2. Separate the Builder from the Runner - Multi-Stage Builds

We don't need the source code, compilers, dependencies, or test files in production, so we need to separate the build stage from the runtime stage. The final image discards all build tools.

FROM node:alpine AS builder
WORKDIR /app
COPY . .
RUN npm install && npm run build

FROM nginx:alpine
COPY --from=builder /app/dist /usr/share/nginx/html

┌─────────────────┐                      ┌─────────────────┐
│                 │                      │                 │
│  ┌──────────┐   │                      │  ┌──────────┐   │
│  │  Source  │   │   COPY --from=       │  │   App    │   │
│  └──────────┘   │     builder          │  │  Binary  │   │
│                 │  ─────────────────>  │  └──────────┘   │
│  ┌──────────┐   │                      │                 │
│  │ Compiler │   │                      │                 │
│  └──────────┘   │                      │                 │
│                 │                      │                 │
└─────────────────┘                      └─────────────────┘
Stage 1: Builder                        Stage 2: Runner

3. Derive Versions, Don't Guess

Always match Dockerfile base image versions to your project configuration files - Use specific version tags, not latest .

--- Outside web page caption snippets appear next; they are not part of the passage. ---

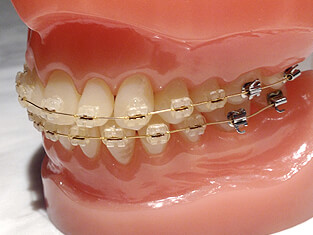 ④ 飯田橋で矯正治療ができます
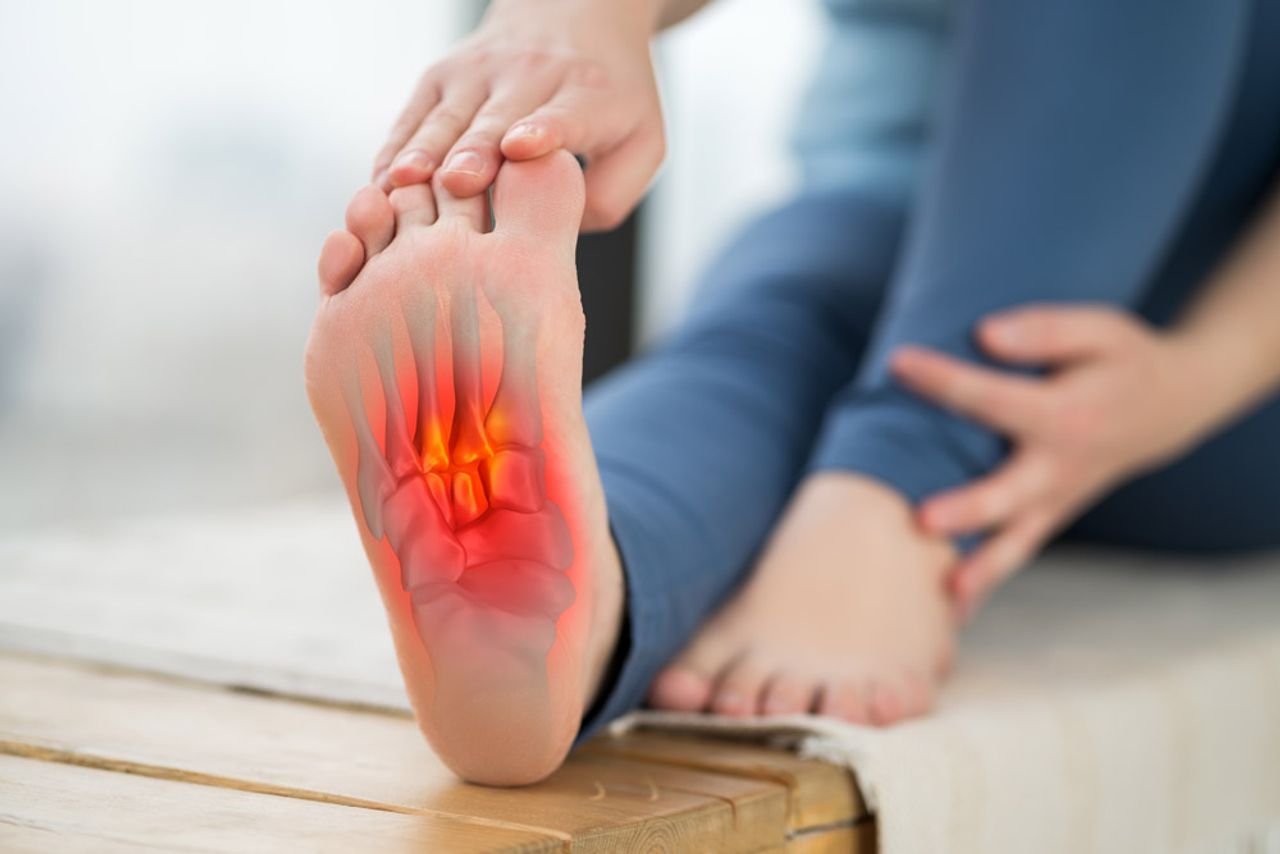 Arthrose im Fuß was hilft Hausmittel: Die wirksamsten Tipps gegen Schmerzen und Entzündungen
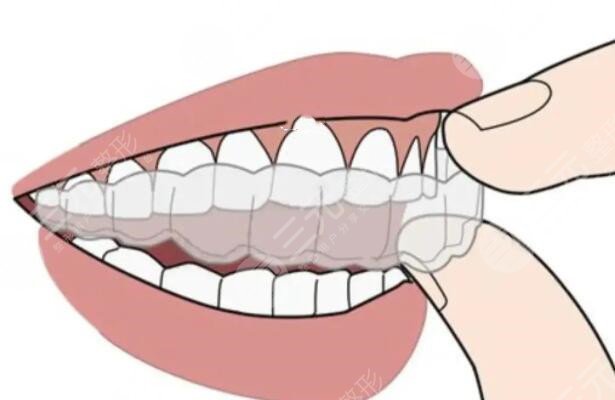 牙科诊所牙齿矫正案例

Your project config is the Source of Truth. The Dockerfile must mirror it. Mismatched versions lead to "It works on my machine" but fails in production.

  ┌─────────────┐
  │ package.json│
  │             │
  │  engines:   │
  │  node >= 20 │──────────────────────> FROM node:20-alpine
  │             │
  └─────────────┘


  ┌─────────────┐
  │   go.mod    │
  │             │
  │  go 1.21    │──────────────────────> FROM golang:1.21
  │             │
  └─────────────┘


  ┌─────────────┐
  │   Pipfile   │
  │             │
  │ python_     │
  │ version =   │──────────────────────> FROM python:3.11-slim
  │   3.11      │
  └─────────────┘

Part 2 : Optimization - Build Speed & Layer Caching

1. Combine Install and Clean Steps

RUN npm install
RUN npm cache clean --force

This creates TWO separate layers in the Docker image:

The first RUN command installs packages and creates cache files in Layer 1
The second RUN command cleans the cache in Layer 2
However, the cache files from Layer 1 are only hidden, not deleted
They still exist in the image and contribute to the total image size
This wastes disk space and increases image size unnecessarily

The Solution (Production Way)

RUN npm ci --omit=dev && npm cache clean --force

Both commands execute in a single layer
The cache files are created and then immediately cleaned within the same layer
The temporary cache files never commit to the final image history

Key Concept

Docker layers are additive. You cannot delete data from a previous layer, only mask it. When you delete files in a subsequent layer, they're hidden but still consume space in the image. To truly remove temporary files, you must clean them up in the same RUN command where they were created using && to chain commands together.

Other Example

# ❌ BAD - Two layers
RUN apt-get update
RUN apt-get install -y package && rm -rf /var/lib/apt/lists/*

# ✅ GOOD - Single layer
RUN apt-get update && \
    apt-get install -y package && \
    rm -rf /var/lib/apt/lists/*

2. Be Explicit with Files and Dependencies

No Lazy Copying - Avoid COPY . . in the final stage.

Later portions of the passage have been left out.